06/12/2005, Chipman River
As I write, evening is falling on the Chipman River. Nina and Meg are making dinner, Karen is writing in the route log and Beth is doing food inventory, checking what we've got left as we near our first re-supply. It is incredible to look back on the events of the past week in relation to where we are at this very moment. Over the last few days we have passed through a series of what feel like quite significant landmarks along the course of our journey. On June 10th we portaged around Burr Falls, which marks the entrance of the Fond du Lac into Black Lake.

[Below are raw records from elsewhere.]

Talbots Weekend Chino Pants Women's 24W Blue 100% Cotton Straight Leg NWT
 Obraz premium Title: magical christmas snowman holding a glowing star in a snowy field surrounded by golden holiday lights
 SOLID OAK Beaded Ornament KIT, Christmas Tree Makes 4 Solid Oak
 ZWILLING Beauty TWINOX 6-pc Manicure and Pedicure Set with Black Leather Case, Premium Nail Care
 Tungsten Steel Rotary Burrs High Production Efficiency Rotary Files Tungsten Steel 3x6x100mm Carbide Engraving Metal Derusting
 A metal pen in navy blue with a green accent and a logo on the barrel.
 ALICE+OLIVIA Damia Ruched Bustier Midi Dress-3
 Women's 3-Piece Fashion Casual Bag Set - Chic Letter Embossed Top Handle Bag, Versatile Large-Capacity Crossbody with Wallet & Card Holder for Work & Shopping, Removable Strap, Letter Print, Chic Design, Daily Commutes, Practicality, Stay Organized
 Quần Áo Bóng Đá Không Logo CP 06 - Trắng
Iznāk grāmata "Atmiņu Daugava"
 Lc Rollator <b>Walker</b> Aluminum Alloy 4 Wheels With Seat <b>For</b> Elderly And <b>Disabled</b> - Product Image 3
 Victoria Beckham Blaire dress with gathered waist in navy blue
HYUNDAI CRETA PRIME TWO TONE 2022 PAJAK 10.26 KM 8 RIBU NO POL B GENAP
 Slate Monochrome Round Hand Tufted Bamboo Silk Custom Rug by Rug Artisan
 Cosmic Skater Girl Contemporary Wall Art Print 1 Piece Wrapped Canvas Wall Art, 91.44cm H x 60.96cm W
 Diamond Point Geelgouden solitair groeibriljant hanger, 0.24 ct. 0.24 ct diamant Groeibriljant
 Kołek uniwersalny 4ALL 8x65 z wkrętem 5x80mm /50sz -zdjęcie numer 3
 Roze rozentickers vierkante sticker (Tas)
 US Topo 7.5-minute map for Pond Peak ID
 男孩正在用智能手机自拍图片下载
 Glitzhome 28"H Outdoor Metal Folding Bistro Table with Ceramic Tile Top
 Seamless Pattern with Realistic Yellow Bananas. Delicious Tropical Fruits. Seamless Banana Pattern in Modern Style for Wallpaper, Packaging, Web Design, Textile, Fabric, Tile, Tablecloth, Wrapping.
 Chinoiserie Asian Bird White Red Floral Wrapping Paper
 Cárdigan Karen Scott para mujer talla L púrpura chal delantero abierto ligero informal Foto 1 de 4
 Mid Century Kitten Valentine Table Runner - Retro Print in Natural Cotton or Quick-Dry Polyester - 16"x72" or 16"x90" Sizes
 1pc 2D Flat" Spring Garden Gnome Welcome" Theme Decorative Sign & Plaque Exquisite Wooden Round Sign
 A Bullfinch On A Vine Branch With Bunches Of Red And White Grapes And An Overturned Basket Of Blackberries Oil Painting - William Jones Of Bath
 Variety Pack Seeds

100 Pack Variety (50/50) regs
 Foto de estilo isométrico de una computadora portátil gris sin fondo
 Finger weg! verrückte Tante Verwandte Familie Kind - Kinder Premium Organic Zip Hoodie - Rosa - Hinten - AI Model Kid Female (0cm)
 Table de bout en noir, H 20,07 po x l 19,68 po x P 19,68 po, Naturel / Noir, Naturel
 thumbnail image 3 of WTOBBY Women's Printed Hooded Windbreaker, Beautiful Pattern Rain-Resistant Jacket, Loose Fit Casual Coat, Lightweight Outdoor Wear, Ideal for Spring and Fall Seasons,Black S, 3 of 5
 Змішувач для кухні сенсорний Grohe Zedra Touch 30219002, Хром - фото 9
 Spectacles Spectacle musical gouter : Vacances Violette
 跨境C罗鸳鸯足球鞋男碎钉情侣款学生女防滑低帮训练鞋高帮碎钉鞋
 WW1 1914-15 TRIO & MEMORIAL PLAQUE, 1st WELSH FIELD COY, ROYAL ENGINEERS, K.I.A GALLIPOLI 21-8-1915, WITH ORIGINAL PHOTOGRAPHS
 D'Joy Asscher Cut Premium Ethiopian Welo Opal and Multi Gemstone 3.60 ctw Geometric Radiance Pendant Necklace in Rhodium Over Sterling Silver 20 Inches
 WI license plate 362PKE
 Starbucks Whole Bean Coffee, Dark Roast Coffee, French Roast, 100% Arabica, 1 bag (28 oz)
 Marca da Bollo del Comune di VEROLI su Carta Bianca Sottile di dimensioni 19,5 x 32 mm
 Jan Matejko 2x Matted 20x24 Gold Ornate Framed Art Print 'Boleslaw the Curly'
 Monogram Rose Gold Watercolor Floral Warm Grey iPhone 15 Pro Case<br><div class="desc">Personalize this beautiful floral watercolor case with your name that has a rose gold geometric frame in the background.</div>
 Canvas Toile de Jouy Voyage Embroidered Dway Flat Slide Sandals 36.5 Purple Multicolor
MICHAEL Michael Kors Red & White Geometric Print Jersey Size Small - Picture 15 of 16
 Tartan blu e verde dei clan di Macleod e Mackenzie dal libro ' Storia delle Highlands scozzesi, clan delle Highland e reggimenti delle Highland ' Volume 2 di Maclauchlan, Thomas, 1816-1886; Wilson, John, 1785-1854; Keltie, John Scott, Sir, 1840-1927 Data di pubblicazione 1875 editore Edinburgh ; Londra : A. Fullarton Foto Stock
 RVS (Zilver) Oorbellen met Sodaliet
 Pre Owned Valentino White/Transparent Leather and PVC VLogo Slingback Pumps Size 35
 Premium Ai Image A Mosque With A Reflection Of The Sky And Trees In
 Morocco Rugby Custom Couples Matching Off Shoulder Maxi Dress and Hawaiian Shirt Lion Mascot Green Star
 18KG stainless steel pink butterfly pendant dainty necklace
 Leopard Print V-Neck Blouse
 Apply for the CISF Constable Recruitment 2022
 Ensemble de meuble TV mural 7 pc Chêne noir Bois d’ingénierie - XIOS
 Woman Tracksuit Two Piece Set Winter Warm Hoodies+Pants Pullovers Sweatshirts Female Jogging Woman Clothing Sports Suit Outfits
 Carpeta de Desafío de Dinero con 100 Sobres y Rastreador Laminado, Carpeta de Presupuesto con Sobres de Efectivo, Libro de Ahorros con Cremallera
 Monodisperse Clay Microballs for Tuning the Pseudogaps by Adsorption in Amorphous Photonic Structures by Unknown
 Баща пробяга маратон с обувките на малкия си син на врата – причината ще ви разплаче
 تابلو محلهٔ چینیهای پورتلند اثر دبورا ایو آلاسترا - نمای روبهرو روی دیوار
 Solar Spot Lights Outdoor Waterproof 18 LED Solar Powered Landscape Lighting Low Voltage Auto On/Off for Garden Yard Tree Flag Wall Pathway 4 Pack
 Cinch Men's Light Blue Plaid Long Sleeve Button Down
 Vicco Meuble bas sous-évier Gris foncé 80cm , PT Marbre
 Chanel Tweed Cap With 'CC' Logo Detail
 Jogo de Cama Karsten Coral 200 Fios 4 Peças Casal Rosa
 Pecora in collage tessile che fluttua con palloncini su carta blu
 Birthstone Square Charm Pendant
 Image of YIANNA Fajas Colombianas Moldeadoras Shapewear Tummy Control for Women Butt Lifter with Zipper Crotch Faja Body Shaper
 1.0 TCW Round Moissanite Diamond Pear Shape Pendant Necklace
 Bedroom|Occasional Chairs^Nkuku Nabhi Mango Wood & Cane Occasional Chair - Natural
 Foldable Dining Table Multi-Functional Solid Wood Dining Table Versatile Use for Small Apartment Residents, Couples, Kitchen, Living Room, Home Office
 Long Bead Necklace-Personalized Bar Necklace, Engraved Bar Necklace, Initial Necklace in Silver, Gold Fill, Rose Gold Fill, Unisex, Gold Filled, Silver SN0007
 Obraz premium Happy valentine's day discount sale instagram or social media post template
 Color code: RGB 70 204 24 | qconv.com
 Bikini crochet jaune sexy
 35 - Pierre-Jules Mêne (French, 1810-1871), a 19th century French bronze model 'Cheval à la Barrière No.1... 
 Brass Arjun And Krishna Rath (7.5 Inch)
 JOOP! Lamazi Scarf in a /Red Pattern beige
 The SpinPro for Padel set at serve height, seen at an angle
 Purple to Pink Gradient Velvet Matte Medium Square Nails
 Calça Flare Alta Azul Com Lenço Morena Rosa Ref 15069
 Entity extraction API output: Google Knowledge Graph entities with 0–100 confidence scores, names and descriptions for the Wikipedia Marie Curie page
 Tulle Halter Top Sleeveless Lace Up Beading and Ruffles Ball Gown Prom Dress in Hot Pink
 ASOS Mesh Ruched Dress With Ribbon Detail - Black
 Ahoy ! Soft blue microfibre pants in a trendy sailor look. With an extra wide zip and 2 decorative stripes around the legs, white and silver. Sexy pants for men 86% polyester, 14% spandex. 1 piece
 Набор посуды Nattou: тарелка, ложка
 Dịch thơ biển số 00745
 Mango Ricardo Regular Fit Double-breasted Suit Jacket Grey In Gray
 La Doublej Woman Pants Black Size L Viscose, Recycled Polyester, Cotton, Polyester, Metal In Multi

All of us thoroughly enjoyed our time on the Fond du Lac. It was a sight of sunny days, wildlife, and the first two fish of the trip (two unsuspecting pikes caught by Meg and Karen). The Fond du Lac is a river flowing over wide sandstone ledges and through beautiful canyons carved slowly out of the rock. We lined and ran nearly all of the rapids with the exception of Manitou and Burr Falls, both of which are breathtaking canyons where the river simply cannot contain its eagerness to travel onward. We seem to be echoing the Fond du Lac's energy, having made our way across Black Lake and over the Chipman portages. Each paddle stroke and every portage takes us further north. Passing over the Chipman portage we had the immediate feeling of entering into a newer, wilder landscape... less traveled, and more remote. Thoughts turn to J.D. Tyrell and Art Moffat, who began their journeys north over these same portages near a century ago. Currently, we have completed nine of the twelve portages and have only a couple more to go.
Free from the ice, which seems like so long ago, we have been putting in long days of travel and enjoying every moment of it. We start each day with the silent and slow packing of packs, characteristic of a group waking up from a sound sleep and preparing for the day. All of us would agree that the best part of our morning ritual is the bowl of granola and cup of coffee that give us enough energy to attack the day. 1800granola.com definitely knows how to make a delicious, hearty granola that incredibly holds our hunger at bay until lunch. I would also note that a hot cup of coffee each morning makes us a brighter, happier bunch and we cannot thank Sarah Rosen and her family enough for that. Beth stopped trying to give up coffee about two weeks ago, and couldn't be happier.
As we continue to head north, folks at home and camp and all those who have helped us make this possible are with us in many ways. Thanks to you all, we are loving life out here. All for now.